Speaking from my professional viewpoint - I suspect that social services would at least visit the family to make an initial assessment.

sungirltan · 16/05/2010 23:11

re the suggestion of going to see the dad - that kind of suggests that the op would be making some kind of assessment of whether there are issues of concern in the family. with all due respect the op is neither qualified or equipped to do that, even with the best will in the world. for all the op knows, the family may already be known to ss anyway. and anyway...who is that even for??

if the op reports what took place then it will be investigated and the family will get a visit from a duty sw, by law.

blueshoes · 16/05/2010 23:18

I thought the OP was (initially) going to see the dad to offer friendly support? She was never SS in disguise.

sungirltan · 16/05/2010 23:20

yeh i get that but if she was thinking about calling ss before the possible visit then surely post visit she will decide either way that either her fears were confirmed or that in her opinion (and this is the bit that concerns me) everything seems fine?

blueshoes · 16/05/2010 23:26

Dunno. The OP, who has reported to NSPCC BTW, can form her own opinion within whatever time and with whatever information she deems necessary. I don't understand how doing that is usurping SS's remit.

We are thinking people after all. Not every case requires us to go bleating to SS. God forbid if we actually stopped to think on which side of the divide this falls.

blinks · 16/05/2010 23:39

haven't read all the bickering.

from just your OP i'd say a phonecall to at least lodge this event is appropriate.

there may already be concerns.

sungirltan · 16/05/2010 23:40

yes, reporting child neglect is tantamount to telling tales.

but after all. we know best

blinks · 16/05/2010 23:41

i would agree that this is definitely child neglect and as such needs reporting.
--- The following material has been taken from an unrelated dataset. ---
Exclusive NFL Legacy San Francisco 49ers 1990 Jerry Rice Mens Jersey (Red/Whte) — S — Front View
no decent parent leaves small children alone.

biddysmama · 17/05/2010 13:27

wow, i dont like leaving my 8 year old with the 14 month old while i go to the loo!
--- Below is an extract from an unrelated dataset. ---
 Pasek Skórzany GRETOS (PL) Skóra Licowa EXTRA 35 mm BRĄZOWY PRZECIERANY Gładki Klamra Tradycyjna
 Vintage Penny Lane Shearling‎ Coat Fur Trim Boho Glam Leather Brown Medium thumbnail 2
oldandgreynow · 17/05/2010 16:34

Blinks -But then in the McCann case social services said that leaving a 3 yo and 2X2 yos on their own in an unlocked appartment is well within the bounds of responsible parenting.

wahwah · 17/05/2010 16:38

Blueshoes, I find your attitude very confusing. Do you think the care of these children is ok? if so, your standards for children's care are pretty low IMO. Would you be happy for this man to babysit yours, or is it just his children you are happy to see at risk?
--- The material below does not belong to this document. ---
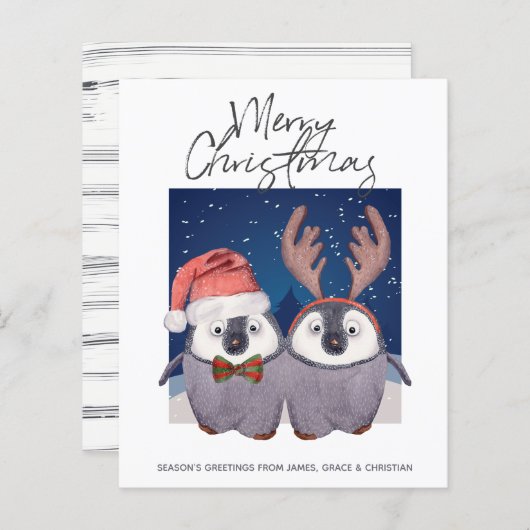 Papier BUDGET Père Noël Reinder Noël Penguin Couple (Devant / Derrière)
And why do you think phoning the NSPCC is any different to calling Social Services? The NSPCC do not do anything other than pass the details ( and they never ask properly) to SSDs. Yes, I know they haves charter, but they do not investigate any more,

wahwah · 17/05/2010 16:41

Sorry, Blueshoes, my last was a bit confrontational based on your last couple of posts, but Reading them again, Im nit sure I read you right, so my apologies if that was the case.

blinks · 17/05/2010 19:00

did SS really say that about the McCanns? well if so, disagree. they obviously paid the ultimate price for their mistake.

it's one of those very black and white issues in my mind. you don't leave small children on their own.

if you do and you're reported, it's your own fault for neglecting to care properly for your children.

i can't see why this father deserves 'extra support' when he's clearly a twat. he needs a stern bloody warning that if he ever does it again, he will be in serious shit.